## Information supplied:
- - - - - - -

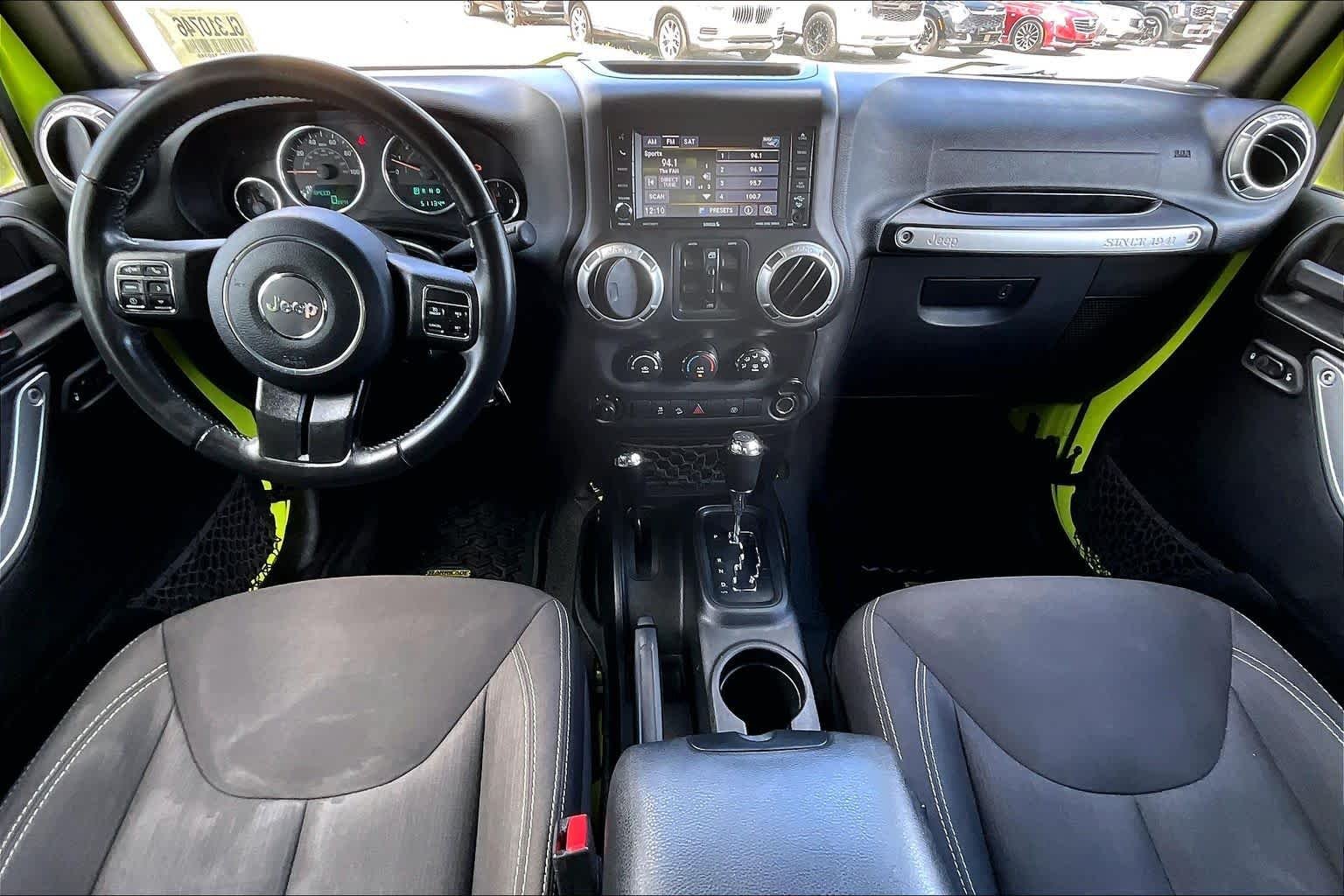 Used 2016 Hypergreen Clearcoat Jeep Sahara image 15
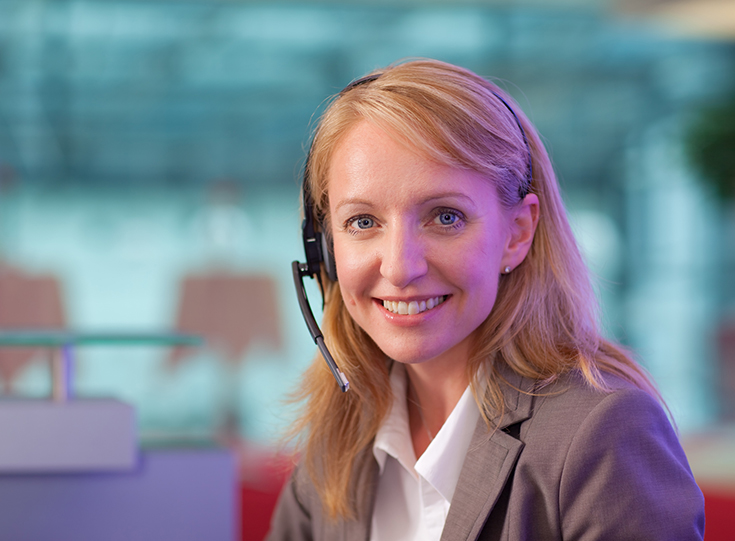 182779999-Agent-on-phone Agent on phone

- - - - - - -

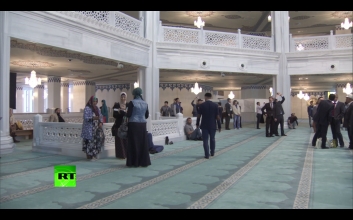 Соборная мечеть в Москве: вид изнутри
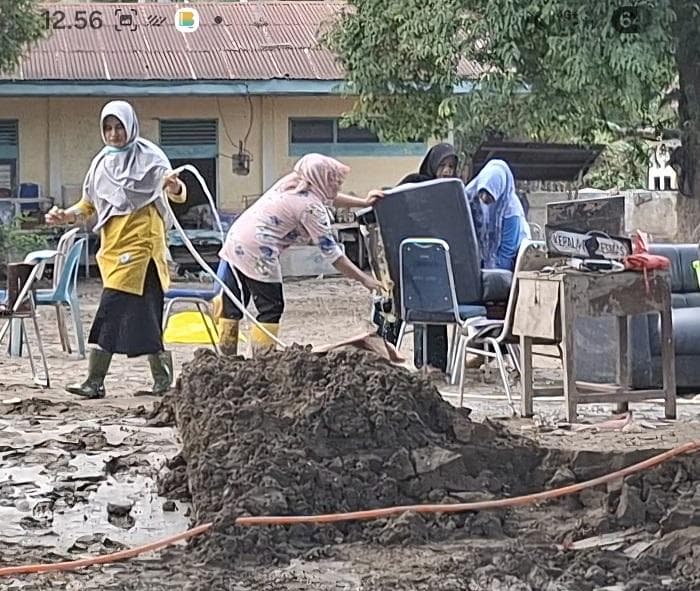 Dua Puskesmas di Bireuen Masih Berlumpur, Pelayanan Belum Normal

- - - - - - -

## What the exercise asks:
Your answer must be the lines above from the one holding "Used 2016 Hypergreen" up to and including the one holding "182779999-Agent-on-phone Agent on phone", exact and with no pictures.

## Exercise output:
 Used 2016 Hypergreen Clearcoat Jeep Sahara image 15
 182779999-Agent-on-phone Agent on phone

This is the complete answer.